Chapter 14. Concurrency

Concurrency is the art of making a computer do (or appear to do) multiple things at once. Historically, this meant inviting the processor to switch between different tasks many times per second. In modern systems, it can also literally mean doing two or more things simultaneously on separate processor cores.

Concurrency is not inherently an object-oriented topic, but Python's concurrent systems are built on top of the object-oriented constructs we've covered throughout the module. This chapter will introduce you to the following topics:

  • Threads
  • Multiprocessing
  • Futures
  • AsyncIO

Concurrency is complicated. The basic concepts are fairly simple, but the bugs that can occur are notoriously difficult to track down. However, for many projects, concurrency is the only way to get the performance we need. Imagine if a web server couldn't respond to a user's request until the previous one was completed! We won't be going into all the details of just how hard it is (another full module would be required) but we'll see how to do basic concurrency in Python, and some of the most common pitfalls to avoid.

Threads

Most often, concurrency is created so that work can continue happening while the program is waiting for I/O to happen. For example, a server can start processing a new network request while it waits for data from a previous request to arrive. An interactive program might render an animation or perform a calculation while waiting for the user to press a key. Bear in mind that while a person can type more than 500 characters per minute, a computer can perform billions of instructions per second. Thus, a ton of processing can happen between individual key presses, even when typing quickly.

It's theoretically possible to manage all this switching between activities within your program, but it would be virtually impossible to get right. Instead, we can rely on Python and the operating system to take care of the tricky switching part, while we create objects that appear to be running independently, but simultaneously. These objects are called threads; in Python they have a very simple API. Let's take a look at a basic example:

from threading import Thread

class InputReader(Thread):
    def run(self):
        self.line_of_text = input()

print("Enter some text and press enter: ")
thread = InputReader()
thread.start()

count = result = 1
while thread.is_alive():
    result = count * count
    count += 1

print("calculated squares up to {0} * {0} = {1}".format(
    count, result))
print("while you typed '{}'".format(thread.line_of_text))

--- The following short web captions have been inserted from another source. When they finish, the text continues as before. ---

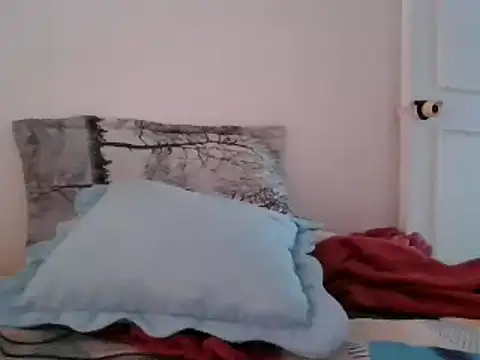 cris21324 online show from January 23, 2025, 8:35 pm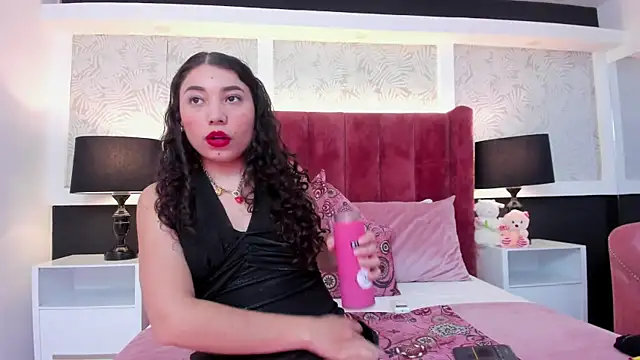 Snapshot of IvonnyCooper chatting on 10/11/25, 12:43 IvonnyCooper online show from 10/11/25, 12:43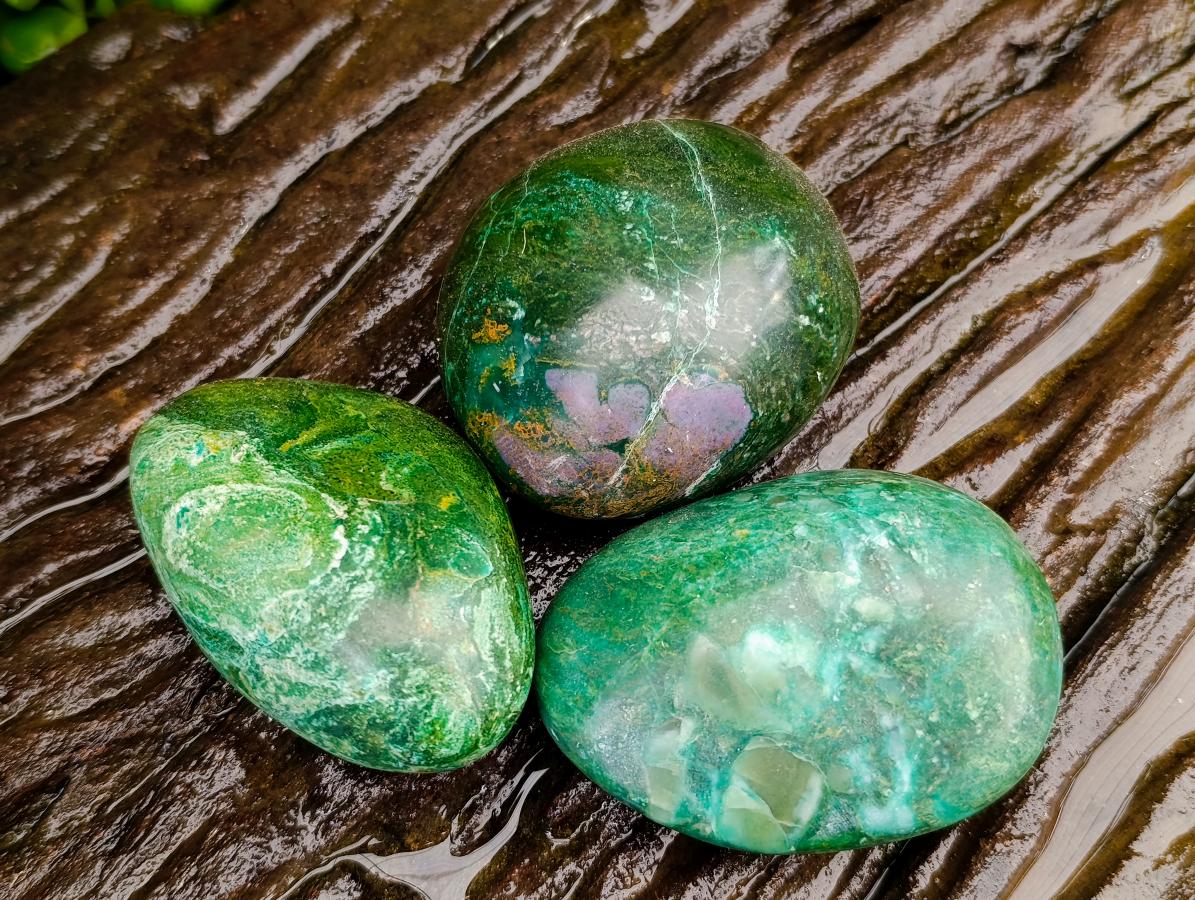 Polished Verdite Palm Stones x 12 From Zimbabwe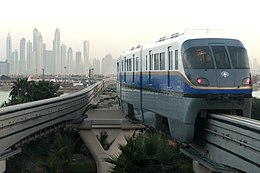 Palm Jumeirah monoral al anochecer en Dubai Emiratos Árabes Unidos.jpg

This example runs two threads. Can you see them? Every program has one thread, called the main thread. The code that executes from the beginning is happening in this thread. The second thread, more obviously, exists as the InputReader class.

To construct a thread, we must extend the Thread class and implement the run method. Any code inside the run method (or that is called from within that method) is executed in a separate thread.

The new thread doesn't start running until we call the start() method on the object. In this case, the thread immediately pauses to wait for input from the keyboard. In the meantime, the original thread continues executing at the point start was called. It starts calculating squares inside a while loop. The condition in the while loop checks if the InputReader thread has exited its run method yet; once it does, it outputs some summary information to the screen.

If we run the example and type the string "hello world", the output looks as follows:

Enter some text and press enter:
hello world
calculated squares up to 1044477 * 1044477 = 1090930114576
while you typed 'hello world'

You will, of course, calculate more or less squares while typing the string as the numbers are related to both our relative typing speeds, and to the processor speeds of the computers we are running.

A thread only starts running in concurrent mode when we call the start method. If we want to take out the concurrent call to see how it compares, we can call thread.run() in the place that we originally called thread.start(). The output is telling:

Enter some text and press enter:
hello world
calculated squares up to 1 * 1 = 1
while you typed 'hello world'

In this case, the thread never becomes alive and the while loop never executes. We wasted a lot of CPU power sitting idle while we were typing.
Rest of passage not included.